The data is finally calculated, the client is satisfied, everyone is happy. But a couple of weeks go by, and a new request comes in: a new client needs a slightly different type of aggregation now… And this whole code endeavor begins all over again.
However, there exists a solution that eliminates the need to reinvent the wheel each time, known as a data catalog.
It’s an abstract pattern that is basically a unified metadata repository. It allows for standardizing the entire data workflow, including the data integration process, of course. We overlay an additional layer of abstraction on top of all our data repositories, wherein any developer can work with familiar entities, such as tables and databases.
Besides, the data catalog also offers one more big advantage — the ability to restrict access rights and use role-based policies.
In fact, data integration steps may differ depending on the specific data catalog used, but to avoid abstract reasoning, let’s see how it works using the example of Amazon Glue Data Catalog.
If you use the Amazon ETL component called Glue Crawler, you can just specify the place in Amazon S3 storage where the files are located and wait for it to analyze the data and create an entry in the catalog. As a result, you’ll get a database and a table with all the needed data. This entire process takes just a few clicks.
And this is one of the main advantages of any data catalog — the ease of scaling.
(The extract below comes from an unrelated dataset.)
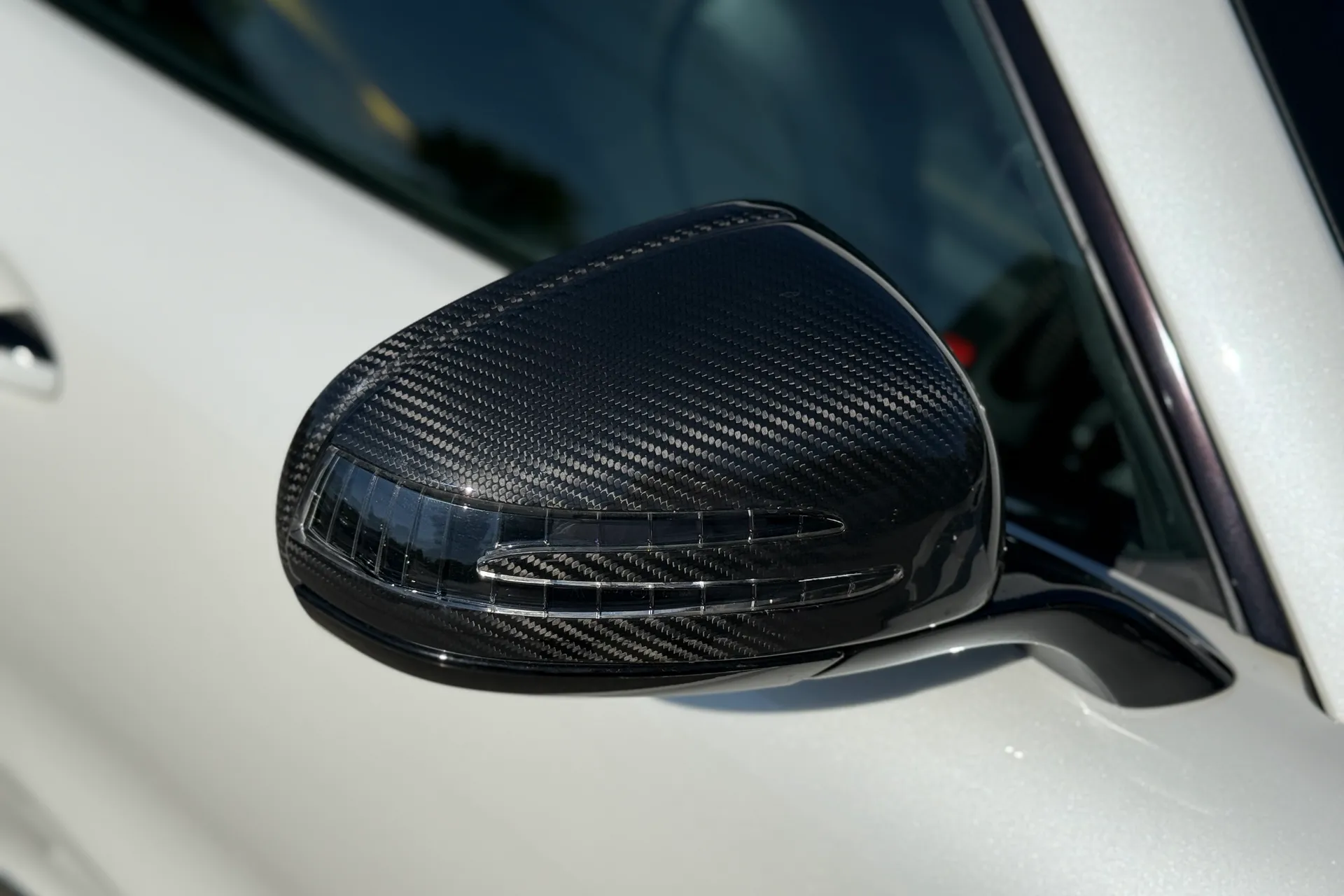 MERCEDES-BENZ AMG GT thumbnail image number 12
We can easily automatically add a new record to the data catalog, which will also instantly be included in the analytical pipeline.
The nice thing about Glue Crawler in particular is that it can also read data from multiple sources including relational databases that do not even lie within the Amazon storages.
And the best part is that while metadata is added to the data catalog to make it easy to work with, the data in the Amazon S3 storage remains unchanged.
Once we have started our data catalog and got the list of tables and the database in our console, we can use the widest set of tools to analyze this data.
For example, Amazon Athena or Amazon Redshift are tools that allow you to run SQL queries on data stored in Amazon S3. Both of these instruments require metadata, which is exactly what is stored in the Glue Crawler directory.
Make sure that everything you do is right for your business with accurately integrated data from multiple sources.
Here I’ll probably have enough experience to compile even a short list. But a little spoiler — all of these issues can be resolved with ease.
One of the most common tasks on projects is usually choosing between different tools, such as Amazon Athena, Redshift, and Apache Spark. Clients often prefer to hire SQL engineers, guided by the fact that they are much easier to find than Spark specialists. However, once a client has the right process of extracting data from multiple sources as well as a proper data catalog structure in place, he is free to choose any option and can be no longer limited to certain technologies.
In one of my previous projects, I also noted a very interesting thing when choosing technology to move from on-premises storage to the cloud: the majority of open sources that compare tools tend to prioritize factors such as the speed advantage of a particular system, claiming that if one is 3% faster when dealing with large datasets, it’s definitely worth trying out. However, the truth is that such a percentage difference in performance brings almost no real advantage to the client, while there are more practical aspects to consider. For example, it is more important that the data processing does not cause basic errors that might otherwise demand considerable time and effort for rectification, slowing down further data analysis and postponing getting timely insights.